Wenn ich einen Text fertig geschrieben habe, weiss ich: Jetzt kommt die Phase der Grausamkeit. Ich muss alles radikal kritisch durchlesen. Und vieles streichen. Der Prunk und die Verzierungen müssen weg. Die Füllwörter, die ich immer wieder verwende. Ausgefallene Formulierungen, die ich besonders kreativ fand. Nur so wird aus einem Text hoffentlich ein guter Text.

«In writing, you must kill all your darlings» ist eine alte Schreib-Regel. Woher der Spruch kommt, weiss niemand. Er wurde so verschiedenen Männern (und nie Frauen) wie Allen Ginsberg, William Faulkner, Oscar Wilde und Anton Tschechow zugeschrieben. Belegt ist jedenfalls Stephen Kings Ausspruch «Kill your darlings, kill your darlings, even when it breaks your egocentric little scribbler’s heart, kill your darlings» (in: On Writing, A Memoir of the Craft, Scribner: New York 2000, S. 222).

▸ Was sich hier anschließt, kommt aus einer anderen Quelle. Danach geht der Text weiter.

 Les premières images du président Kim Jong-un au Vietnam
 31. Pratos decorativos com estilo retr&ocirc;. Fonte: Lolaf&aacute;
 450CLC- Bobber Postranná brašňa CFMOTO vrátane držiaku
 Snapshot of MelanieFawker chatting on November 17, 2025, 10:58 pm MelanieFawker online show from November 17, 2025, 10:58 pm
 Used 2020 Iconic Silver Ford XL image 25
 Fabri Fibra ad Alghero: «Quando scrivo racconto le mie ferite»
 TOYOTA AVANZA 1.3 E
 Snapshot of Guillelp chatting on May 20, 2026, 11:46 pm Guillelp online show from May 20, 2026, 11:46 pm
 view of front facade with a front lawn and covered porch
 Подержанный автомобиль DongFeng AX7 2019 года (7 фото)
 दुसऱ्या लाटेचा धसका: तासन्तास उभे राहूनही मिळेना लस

Dass Stephen King das Wort «kill» exzessiv verwendet, überrascht nicht. Aber hat er recht? Warum soll man seine Lieblinge aus Texten und Reden verbannen? Ganz einfach: Weil die eigenen Lieblinge oft nicht so toll sind, wie man selbst denkt. Liebhabereien muss man anderen nicht aufdrängen.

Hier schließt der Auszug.